_PROBLEM TO WORK ON:_
The material below holds the lines to copy: from the one with "Today's menu is" up to and including the one with "Hi guys, I'm". Copy them exactly and skip the pictures.

--- RECORDS FOR THIS TASK ---

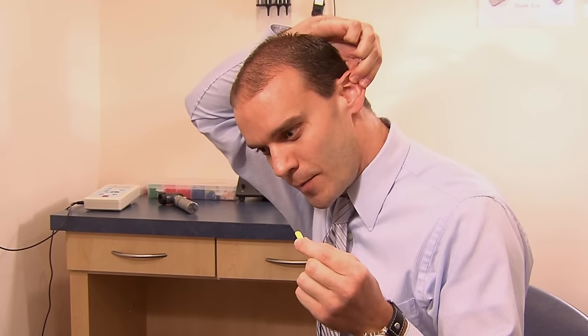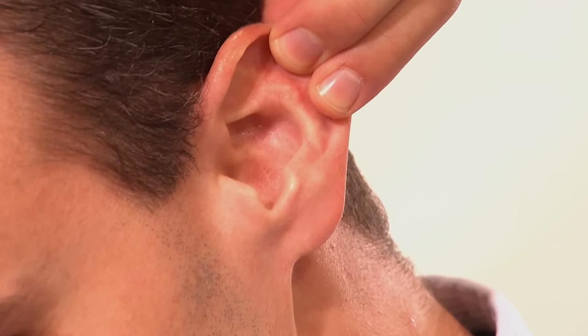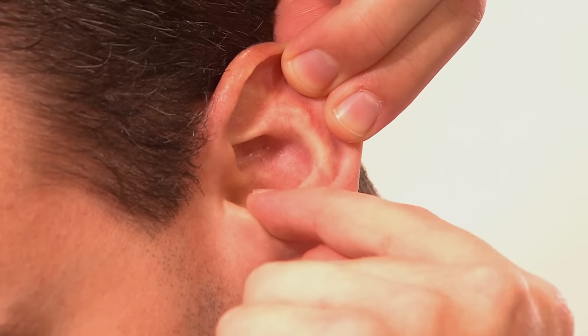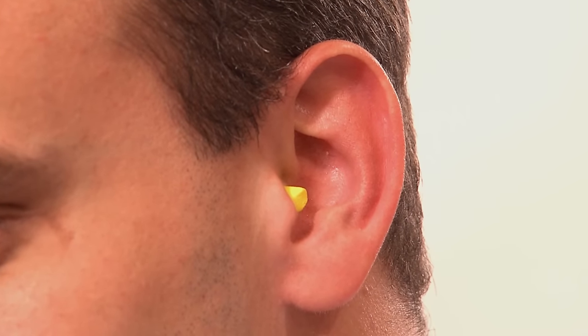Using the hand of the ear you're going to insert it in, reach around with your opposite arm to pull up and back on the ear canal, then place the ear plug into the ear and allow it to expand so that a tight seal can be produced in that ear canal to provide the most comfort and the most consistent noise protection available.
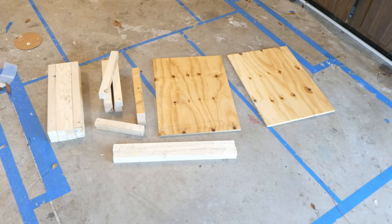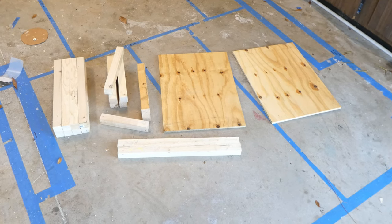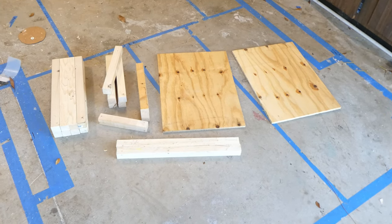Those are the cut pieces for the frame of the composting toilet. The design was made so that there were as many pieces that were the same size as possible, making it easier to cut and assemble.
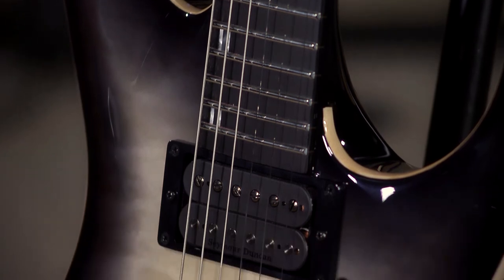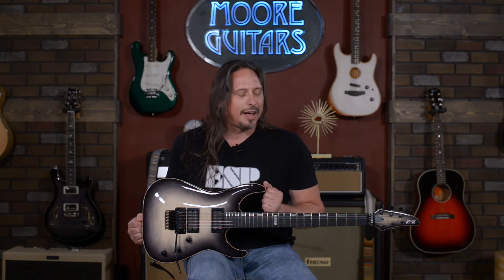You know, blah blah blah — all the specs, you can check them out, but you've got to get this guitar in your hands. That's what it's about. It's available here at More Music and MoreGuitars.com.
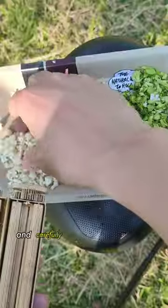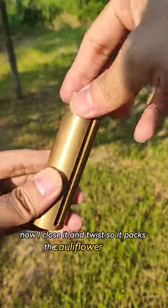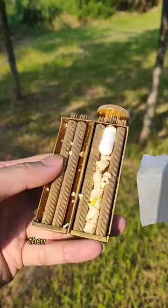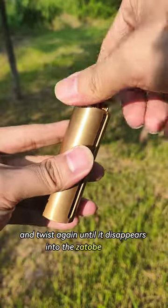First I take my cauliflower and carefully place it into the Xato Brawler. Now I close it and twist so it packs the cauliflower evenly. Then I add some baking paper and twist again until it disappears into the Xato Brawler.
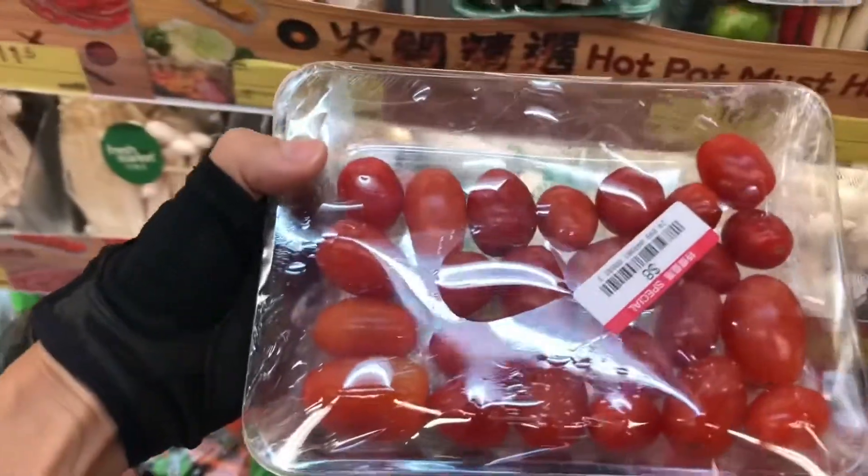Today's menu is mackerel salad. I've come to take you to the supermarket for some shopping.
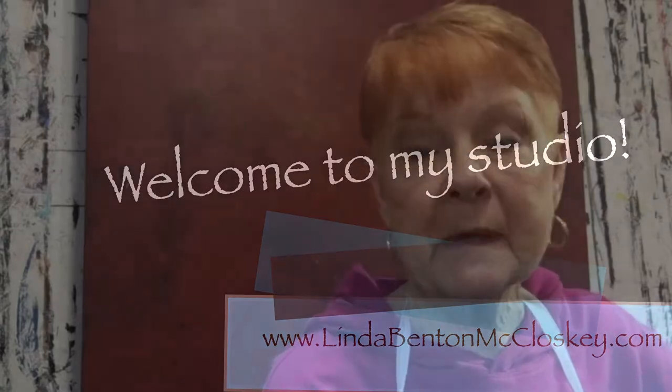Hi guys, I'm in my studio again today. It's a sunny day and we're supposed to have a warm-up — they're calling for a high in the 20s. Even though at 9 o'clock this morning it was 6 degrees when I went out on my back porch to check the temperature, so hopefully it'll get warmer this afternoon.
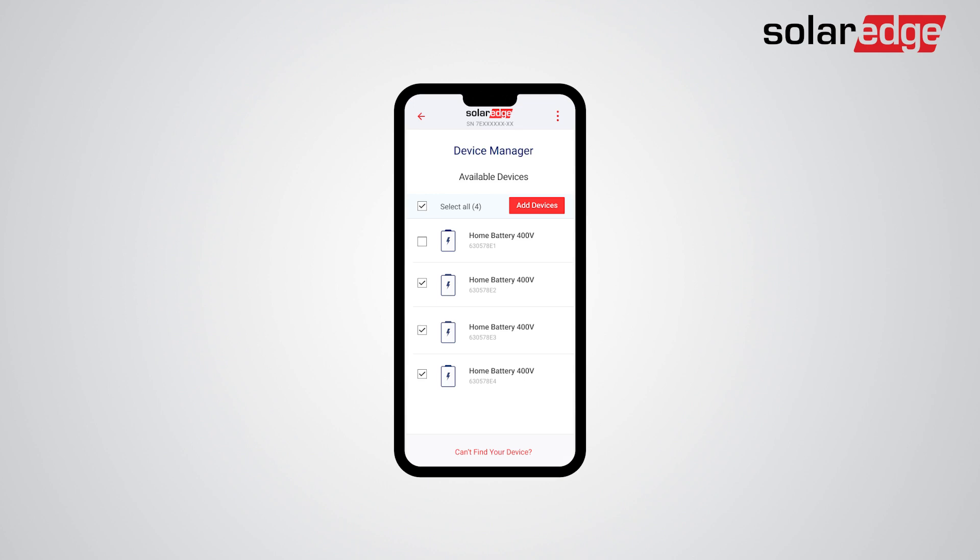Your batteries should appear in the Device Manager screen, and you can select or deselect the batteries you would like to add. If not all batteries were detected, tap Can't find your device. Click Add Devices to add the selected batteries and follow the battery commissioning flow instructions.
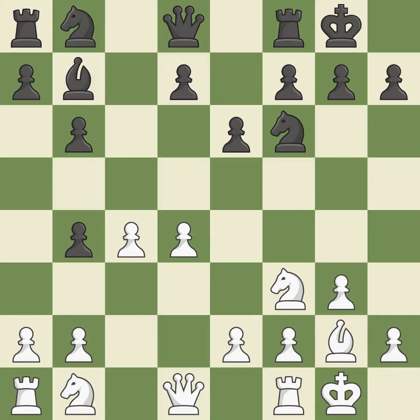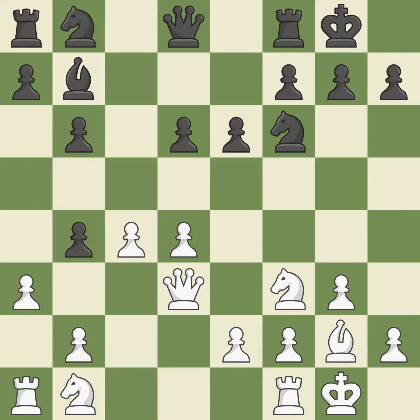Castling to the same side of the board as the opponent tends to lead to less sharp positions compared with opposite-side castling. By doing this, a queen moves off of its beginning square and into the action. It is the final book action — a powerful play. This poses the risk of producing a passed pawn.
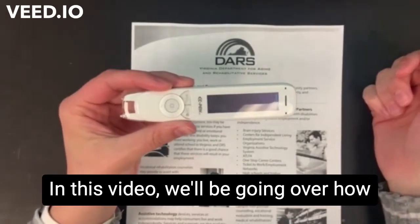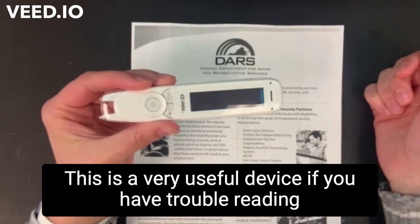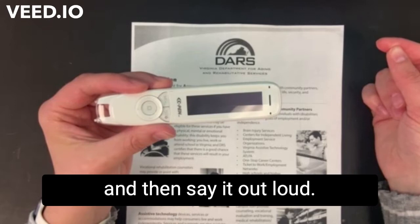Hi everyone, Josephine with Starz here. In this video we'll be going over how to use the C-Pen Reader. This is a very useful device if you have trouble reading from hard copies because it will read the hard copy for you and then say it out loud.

---
--- RECORDS FOR THIS TASK ---

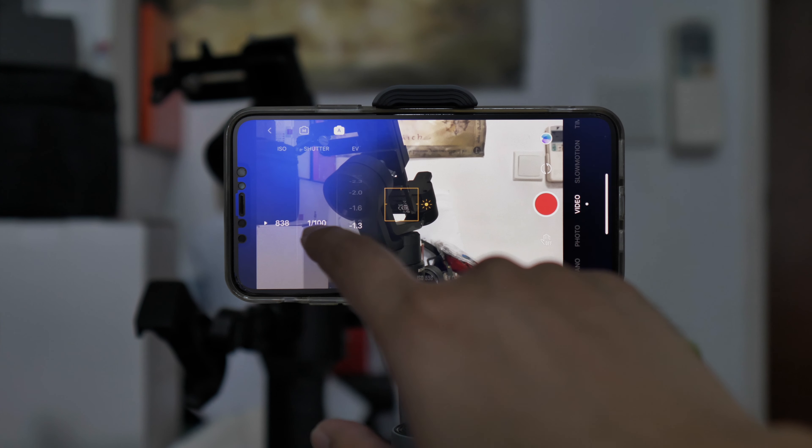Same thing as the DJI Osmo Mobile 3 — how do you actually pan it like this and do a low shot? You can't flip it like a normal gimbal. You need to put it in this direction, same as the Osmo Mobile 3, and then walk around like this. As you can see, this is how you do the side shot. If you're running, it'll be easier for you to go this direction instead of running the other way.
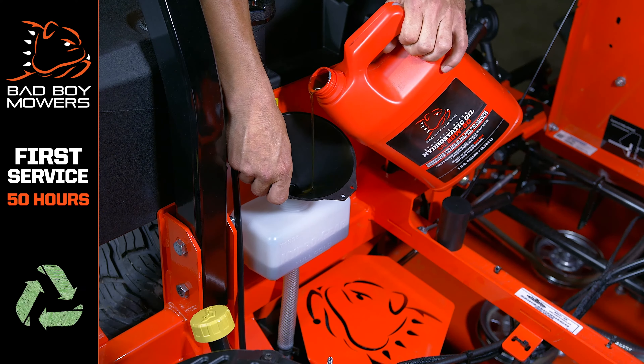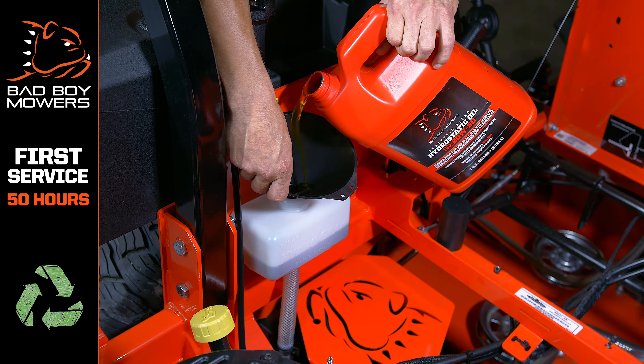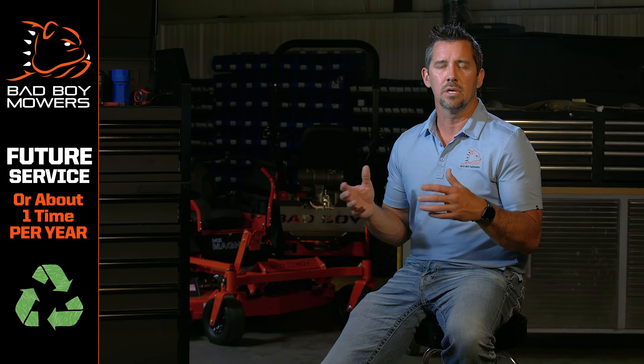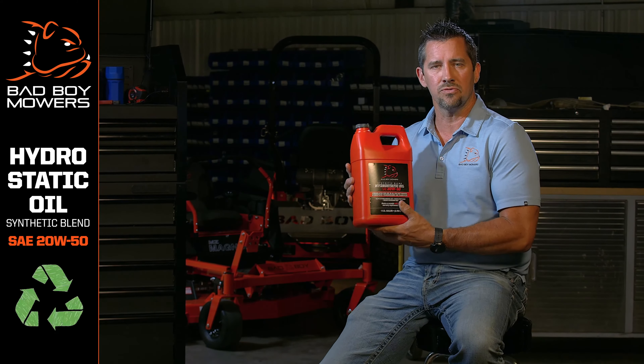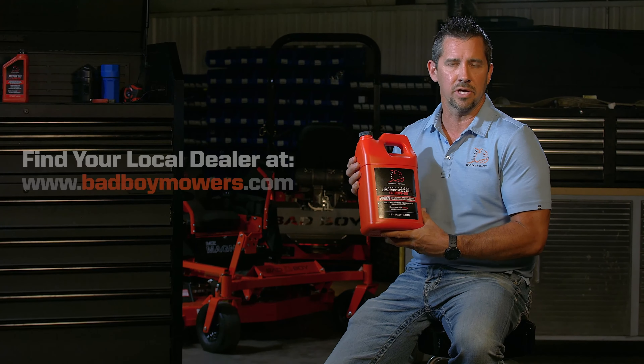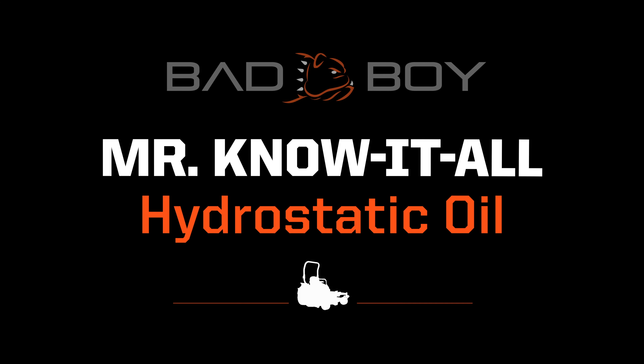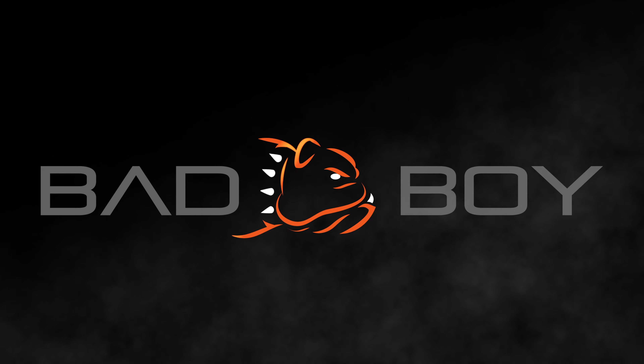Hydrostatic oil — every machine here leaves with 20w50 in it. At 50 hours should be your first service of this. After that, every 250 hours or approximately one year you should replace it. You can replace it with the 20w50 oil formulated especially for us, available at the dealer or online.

---
--- RECORDS FOR THIS TASK ---

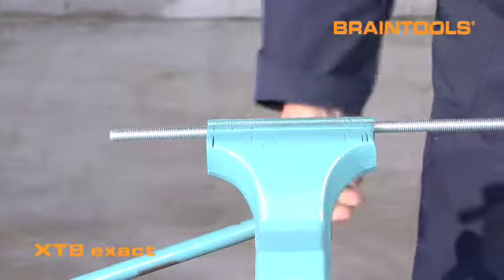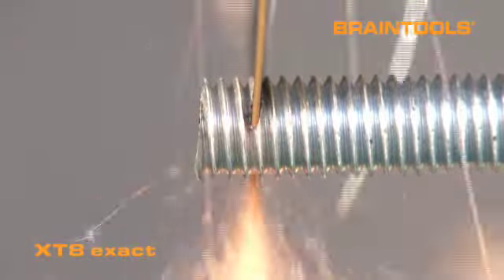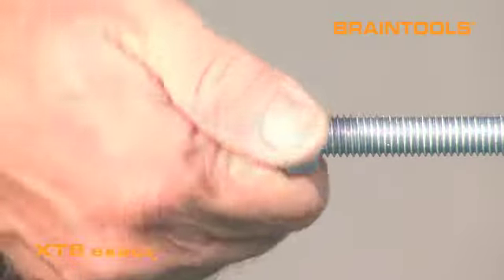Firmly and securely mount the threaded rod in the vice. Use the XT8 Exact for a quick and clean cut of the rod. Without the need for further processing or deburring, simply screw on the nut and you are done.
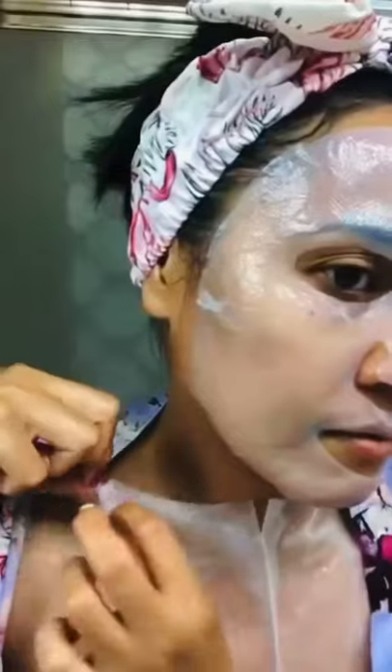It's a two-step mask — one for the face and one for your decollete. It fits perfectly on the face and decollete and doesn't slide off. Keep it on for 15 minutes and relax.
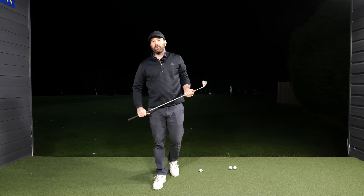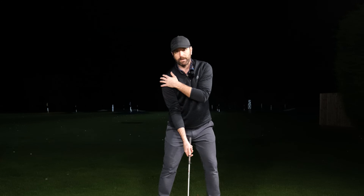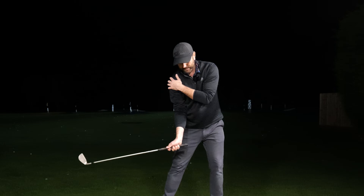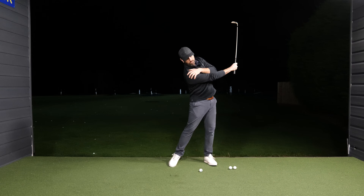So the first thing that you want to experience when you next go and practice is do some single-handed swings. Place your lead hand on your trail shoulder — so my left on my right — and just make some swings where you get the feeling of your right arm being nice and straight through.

---

_TASK RESPONSE:_
Today's menu is mackerel salad. I've come to take you to the supermarket for some shopping.
Hi guys, I'm in my studio again today. It's a sunny day and we're supposed to have a warm-up — they're calling for a high in the 20s. Even though at 9 o'clock this morning it was 6 degrees when I went out on my back porch to check the temperature, so hopefully it'll get warmer this afternoon.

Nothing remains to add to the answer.